_What is required_. Would you transcribe each entry precisely as it stands, setting aside any images?

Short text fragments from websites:
_ _ _
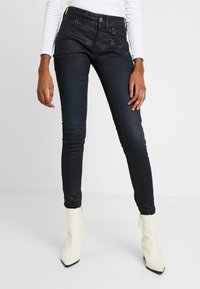 Svarta slim fit-jeans med glänsande yta, som har dragkedjefickor och en figurnära design, matchade med krämfärgade spetsiga ankelstövlar.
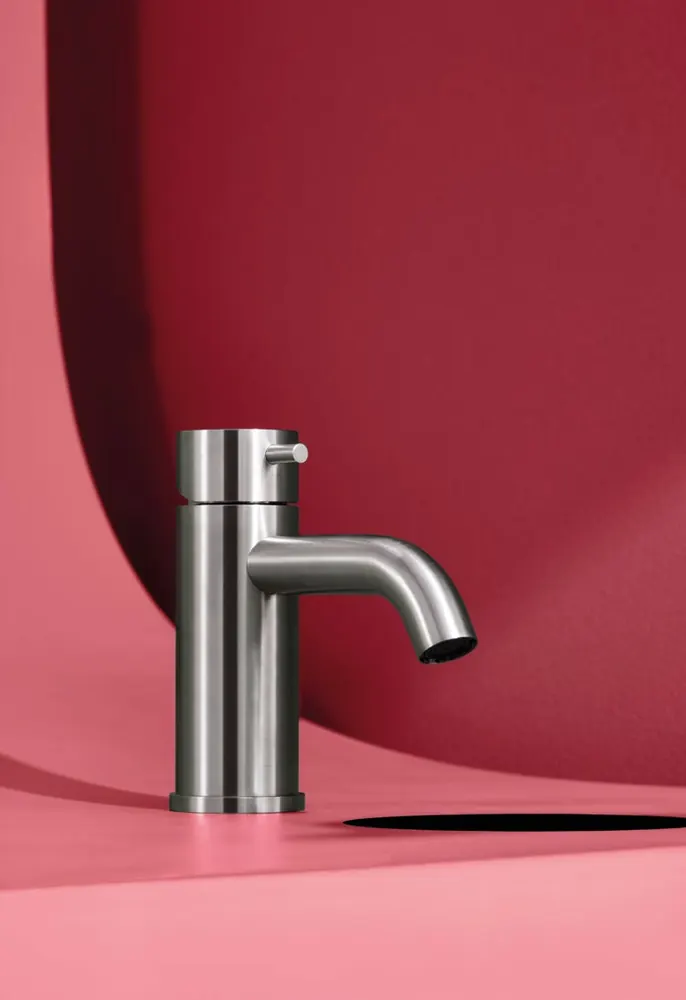 Fontea brushed steel tap against a deep red backdrop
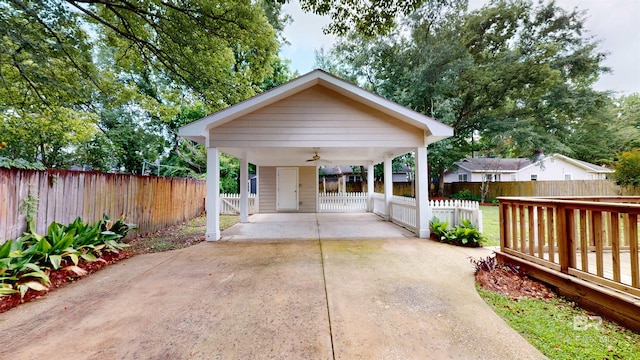 1651 Laurel St, Mobile, AL 36604 - view of parking / parking lot with a carport, driveway, and ceiling fan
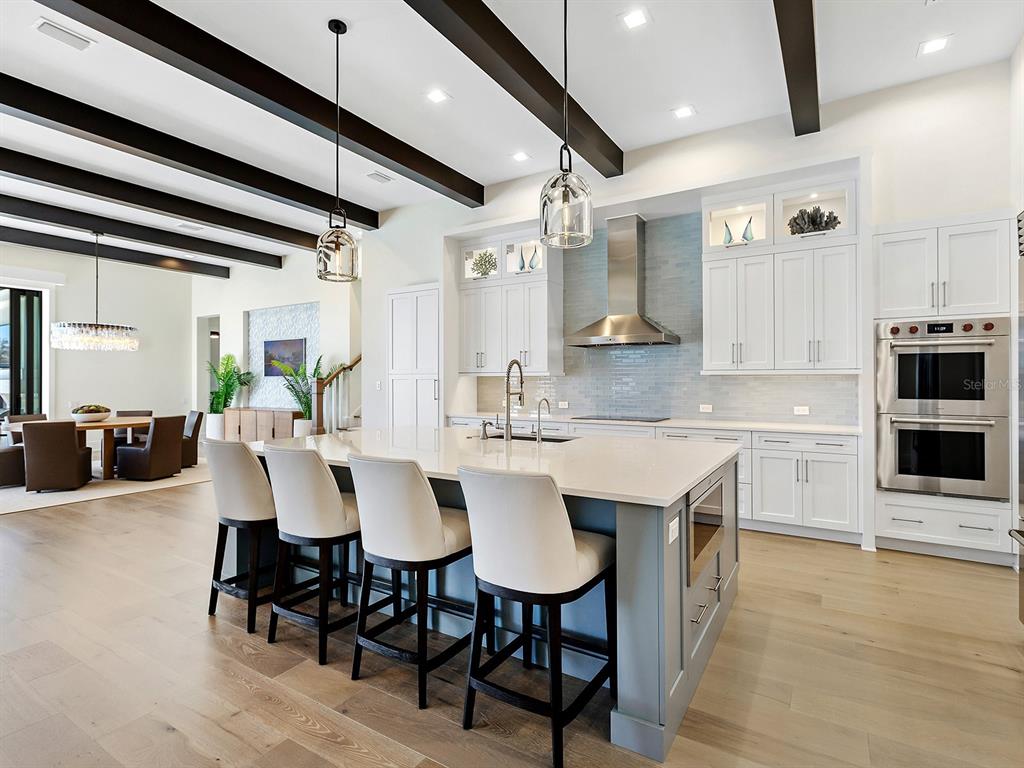 4218 Butte Trail Lakewood Ranch, FL 34211 - Photo 17 of 89 a kitchen with stainless steel appliances kitchen island granite countertop a table chairs sink and cabinets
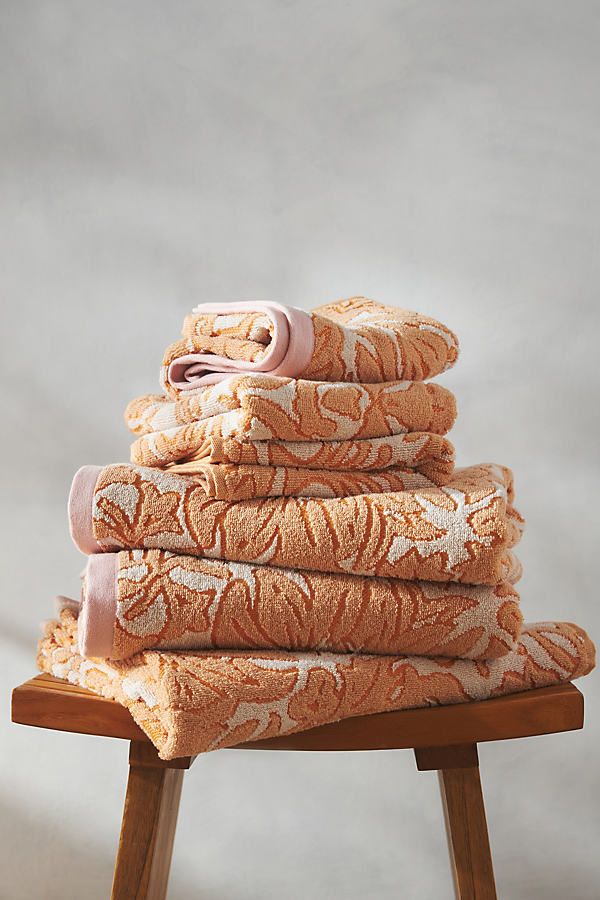 a stack of towels sitting on top of a wooden stool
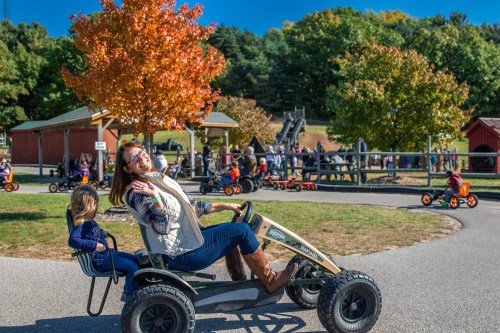 A woman waves while riding a pedal cart with a child in a park filled with autumn trees and families enjoying the day.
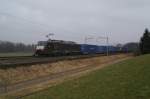 ES 64 F4-103 zieht am 19.2.11 einen Containerzug von Oberrti Richtung Rotkreuz.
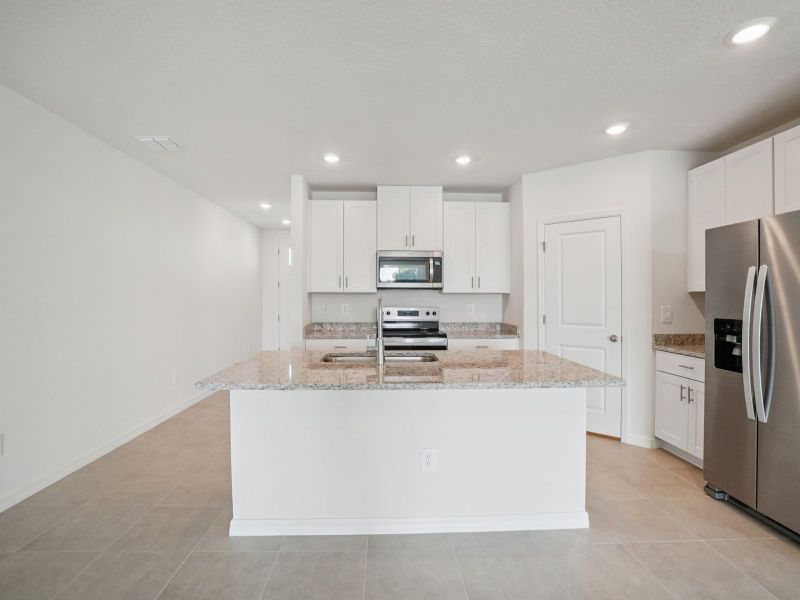 Furnished interior view inside a new home in Two Rivers - Classic Series, Zephyrhills (Image 6).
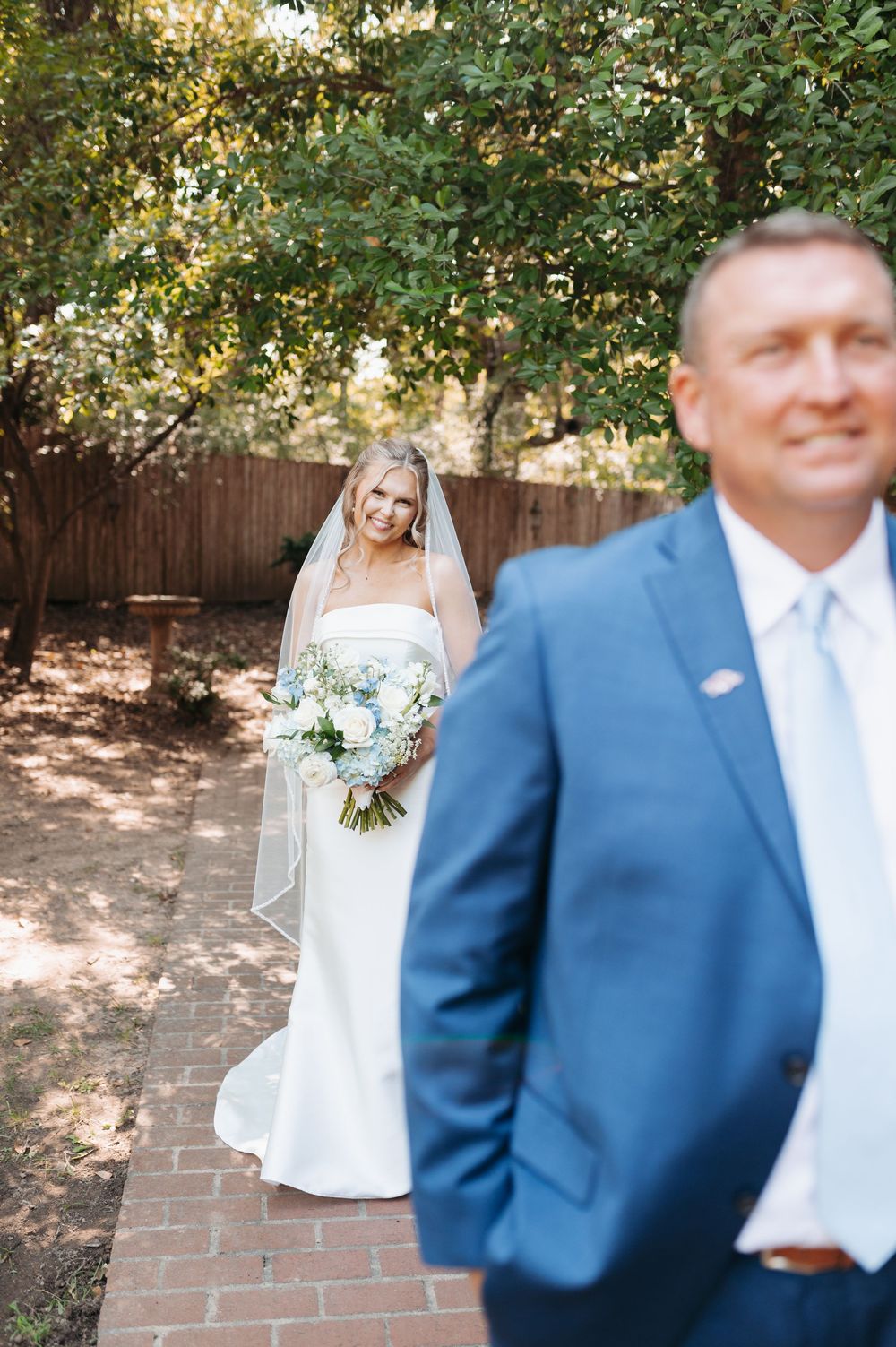 Bride in white gown holds bouquet during first look moment with father in blue suit.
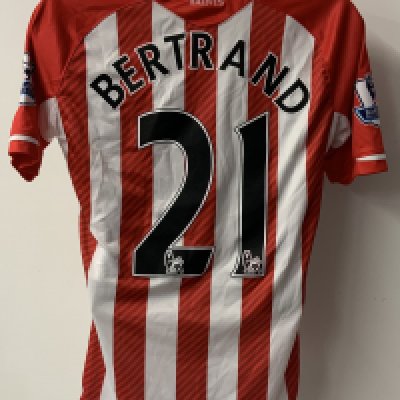 Bertrand 2014 - 2015 Match Worn Football Shirt: Red White short sleeve with Bertrand number 21 to rear. Premier League badging to sleeves. Swapped with Bobby Zamora. Unwashed.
_ _ _
_Task result_.
 Svarta slim fit-jeans med glänsande yta, som har dragkedjefickor och en figurnära design, matchade med krämfärgade spetsiga ankelstövlar.
 Fontea brushed steel tap against a deep red backdrop
 1651 Laurel St, Mobile, AL 36604 - view of parking / parking lot with a carport, driveway, and ceiling fan
 4218 Butte Trail Lakewood Ranch, FL 34211 - Photo 17 of 89 a kitchen with stainless steel appliances kitchen island granite countertop a table chairs sink and cabinets
 a stack of towels sitting on top of a wooden stool
 A woman waves while riding a pedal cart with a child in a park filled with autumn trees and families enjoying the day.
 ES 64 F4-103 zieht am 19.2.11 einen Containerzug von Oberrti Richtung Rotkreuz.
 Furnished interior view inside a new home in Two Rivers - Classic Series, Zephyrhills (Image 6).
 Bride in white gown holds bouquet during first look moment with father in blue suit.
 Bertrand 2014 - 2015 Match Worn Football Shirt: Red White short sleeve with Bertrand number 21 to rear. Premier League badging to sleeves. Swapped with Bobby Zamora. Unwashed.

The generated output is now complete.